Via the Web a wealth of information for business research is ready at our fingertips. Analyzing this—unstructured—information, however, can be very difficult. Analytics has become the business buzzword distinguishing traditional competitors from ‘analytics competitors’ who have dramatically boosted their revenues. The latter competitors distinguish themselves through “expert use of statistics and modeling to improve a wide variety of functions” (Davenport, 2006, p. 105). However, not all information lends itself to statistics and models. Actually, most information on the Web is made for, and by, people communicating through ‘rich’ language. This richness of our language is typically missed or not adequately accounted for in (statistical) analytics (e.g. Text-mining)—and so is its real meaning—because it is hidden in semantics rather than form (e.g. syntax). In our efforts of turning unstructured data into structured data, important information—and our ability to distinguish ourselves from competitors—gets lost.
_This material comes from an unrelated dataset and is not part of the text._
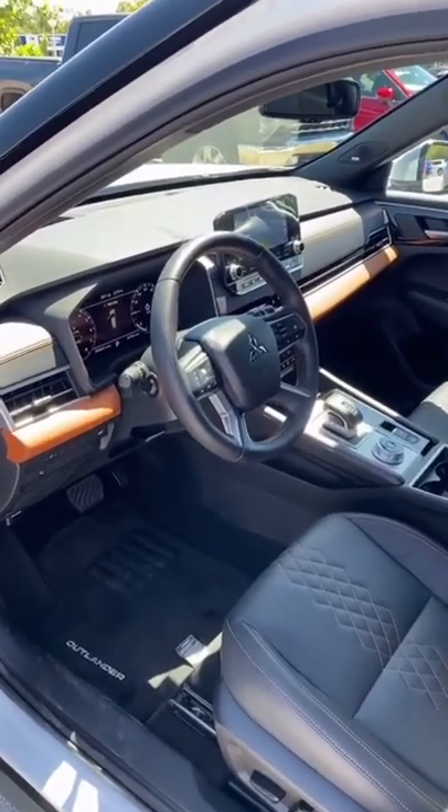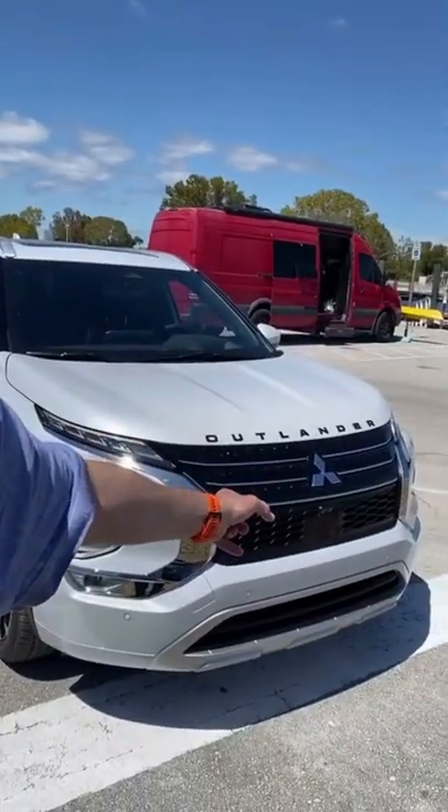Inside, especially the seats, the new one starts at about $25,000, but that one with all the bells and whistles is $38,000, and it's going to be at a Mitsubishi dealership any day now.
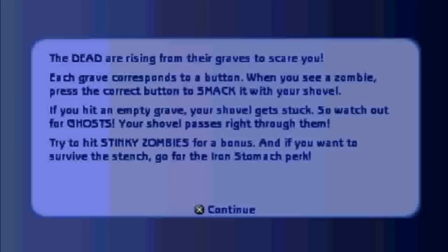So this is going to be one of the many jobs we'll be encountering in this game. Mostly they'll be rhythm based, but this one is not rhythm based — just probably whack-a-mole with zombies in a cemetery with a mallet. The dead are rising from their graves to scare you. Each grave corresponds to a button — when you see a zombie, press the correct button to smack it with your shovel. If you have an empty grave, your shovel gets stuck, so watch out for ghosts — your shovel passes right through them. Try to hit stinky zombies for a bonus, and if you want to survive the stench, go for the iron stomach perk.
Search engines (Büttcher, Clarke, & Cormack, 2010) have exploited statistical (frequency-based, TF-IDF2) methods to its extreme, but building indexes of Web content with keywords is not enough for understanding beyond keyword-based search. The use of semantics in search would be a great improvement and new generation search engines (Grimes, 2010) are starting to address this. Semantic search can be approached from several perspectives. The most common one is to go beyond word forms and consider concepts with their semantic relationships. Concepts can be extracted implicitly or explicitly. In the first case, the contexts of words in a document base determine the concept (Landauer, Foltz, & Laham, 1998). In the second case, concepts are assigned to word forms through a semantic lexicon or ontology such as WordNet3.

However, semantics is not only necessary for search, it is necessary for any processing of information from the Web. After all, semantics simply means “making sense” and we would like to argue that sophisticated semantic analysis of content is a necessary tool for quality business research of Web data.

For instance, any business analyst in fast moving consumer goods (FMCG) is looking for so much more than just text when analyzing online focus group interview data. A FMCG analyst would analyze interaction, which would reveal shared language, beliefs and myths, argumentative reasoning, justifications, and changes of opinion or (re)interpretation of experiences (Catterall & Maclaran, 1997).

Focus group interview data is both qualitative and interactive. It is not just text; it is conversational data as people are responding to one another. As such traditional (manual) analysis of focus group data is labor intensive, complex, analyst dependent, inconsistent and subjective4.

The key problem is that good analysis of unstructured data is costly, complex and time-consuming

However, the power of current state-of-the-art NLU5 systems makes automated analysis of these—and other—types of unstructured data feasible and possible (Delmonte, Bristot, & Pallotta, 2010).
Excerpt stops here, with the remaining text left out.